Problem
Below are lines of data; restate word for word those running from the line containing "Quickly spray the" to the line containing "If you have", inclusive, and no others.

Data shown

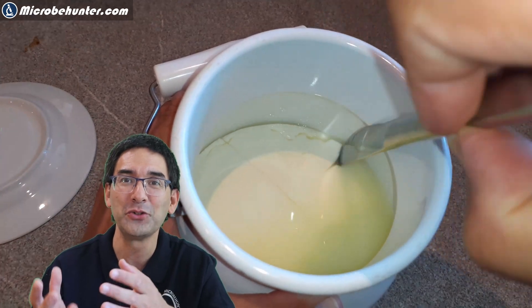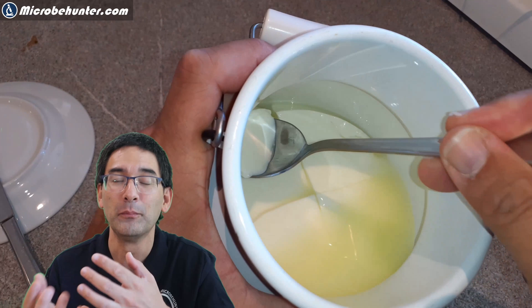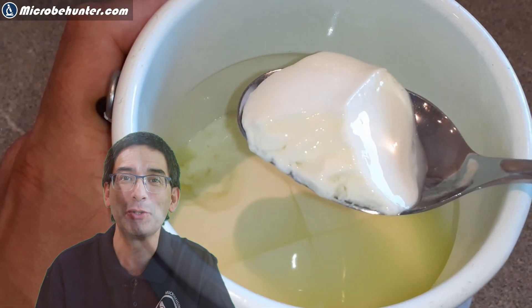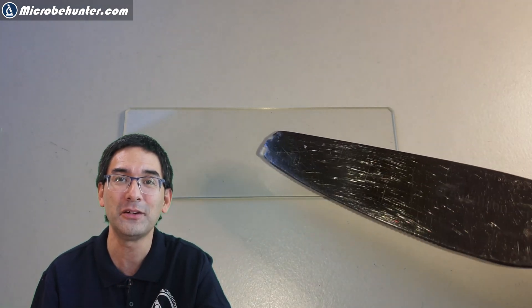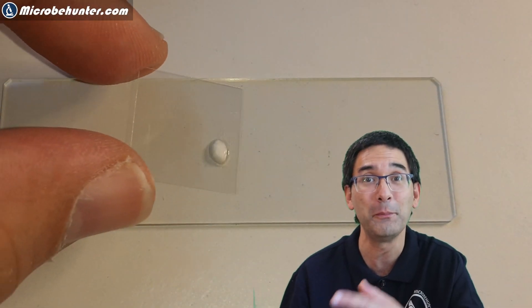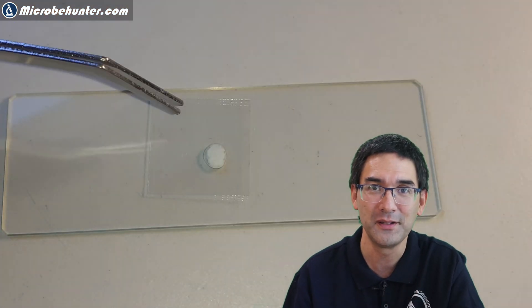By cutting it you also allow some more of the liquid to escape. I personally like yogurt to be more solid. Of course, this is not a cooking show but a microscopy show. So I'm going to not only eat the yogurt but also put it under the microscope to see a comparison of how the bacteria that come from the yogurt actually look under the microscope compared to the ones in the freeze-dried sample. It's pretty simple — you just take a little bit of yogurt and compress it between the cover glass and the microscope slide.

--

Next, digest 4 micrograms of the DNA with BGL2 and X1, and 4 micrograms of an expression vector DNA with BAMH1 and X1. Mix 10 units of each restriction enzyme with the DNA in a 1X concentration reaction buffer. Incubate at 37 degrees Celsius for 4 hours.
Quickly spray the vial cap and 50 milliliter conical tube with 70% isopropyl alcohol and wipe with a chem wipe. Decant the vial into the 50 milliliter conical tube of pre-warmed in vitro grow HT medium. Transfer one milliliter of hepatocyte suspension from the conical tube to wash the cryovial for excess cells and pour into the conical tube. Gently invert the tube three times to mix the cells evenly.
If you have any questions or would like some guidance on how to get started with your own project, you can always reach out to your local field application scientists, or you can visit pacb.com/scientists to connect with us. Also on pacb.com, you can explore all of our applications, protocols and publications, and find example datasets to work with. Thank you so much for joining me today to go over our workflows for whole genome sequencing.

--

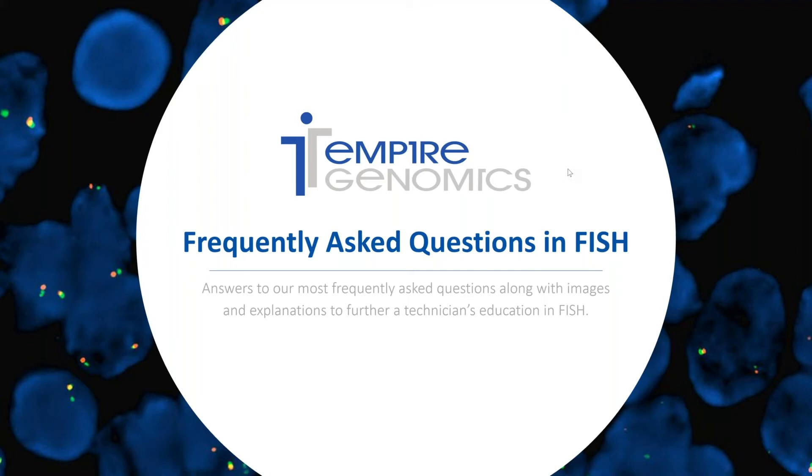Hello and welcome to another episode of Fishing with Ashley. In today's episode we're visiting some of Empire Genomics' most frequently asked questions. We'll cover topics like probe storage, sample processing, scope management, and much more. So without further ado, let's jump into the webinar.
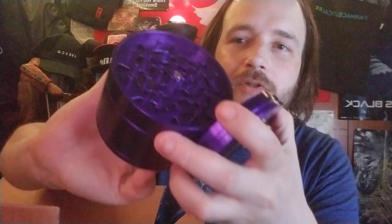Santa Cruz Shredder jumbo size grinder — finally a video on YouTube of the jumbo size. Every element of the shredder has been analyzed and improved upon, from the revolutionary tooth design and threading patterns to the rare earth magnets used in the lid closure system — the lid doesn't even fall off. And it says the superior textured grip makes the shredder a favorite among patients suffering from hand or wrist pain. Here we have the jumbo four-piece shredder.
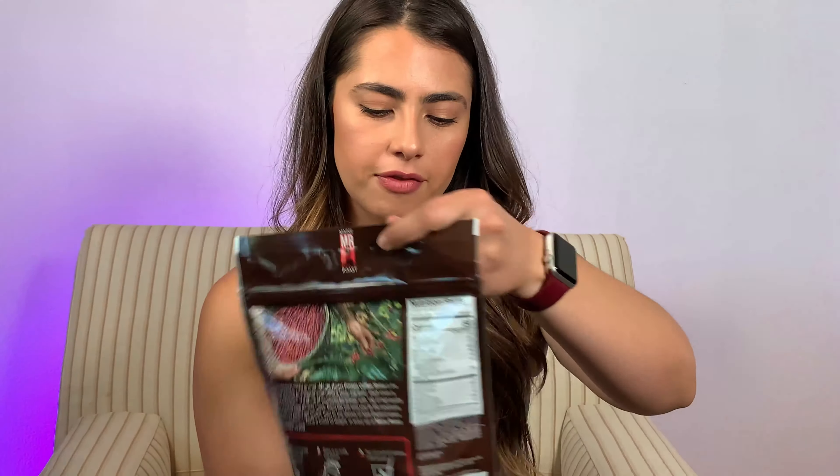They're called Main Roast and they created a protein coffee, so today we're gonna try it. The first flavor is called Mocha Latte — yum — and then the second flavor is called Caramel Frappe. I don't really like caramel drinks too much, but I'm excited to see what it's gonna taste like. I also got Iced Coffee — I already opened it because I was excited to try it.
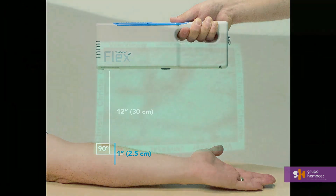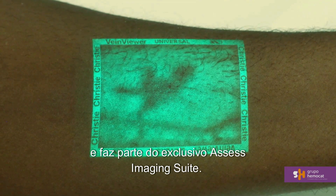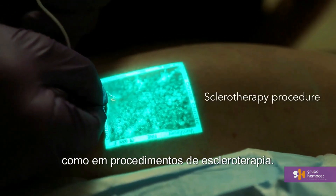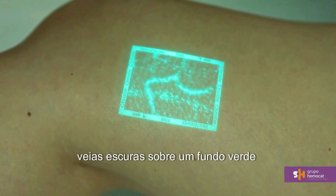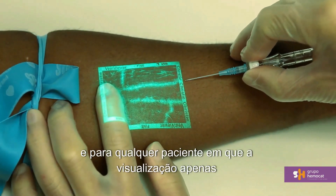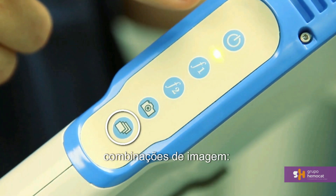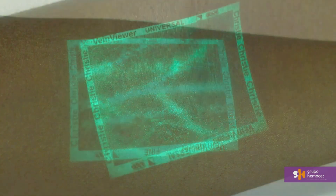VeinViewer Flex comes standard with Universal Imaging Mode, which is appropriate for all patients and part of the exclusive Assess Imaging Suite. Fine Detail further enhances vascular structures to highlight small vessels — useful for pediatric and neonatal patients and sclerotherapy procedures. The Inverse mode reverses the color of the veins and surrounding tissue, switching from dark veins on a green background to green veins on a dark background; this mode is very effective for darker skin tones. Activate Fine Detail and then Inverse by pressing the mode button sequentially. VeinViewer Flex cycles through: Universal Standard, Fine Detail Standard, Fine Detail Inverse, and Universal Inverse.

Result for this task
Quickly spray the vial cap and 50 milliliter conical tube with 70% isopropyl alcohol and wipe with a chem wipe. Decant the vial into the 50 milliliter conical tube of pre-warmed in vitro grow HT medium. Transfer one milliliter of hepatocyte suspension from the conical tube to wash the cryovial for excess cells and pour into the conical tube. Gently invert the tube three times to mix the cells evenly.
If you have any questions or would like some guidance on how to get started with your own project, you can always reach out to your local field application scientists, or you can visit pacb.com/scientists to connect with us. Also on pacb.com, you can explore all of our applications, protocols and publications, and find example datasets to work with. Thank you so much for joining me today to go over our workflows for whole genome sequencing.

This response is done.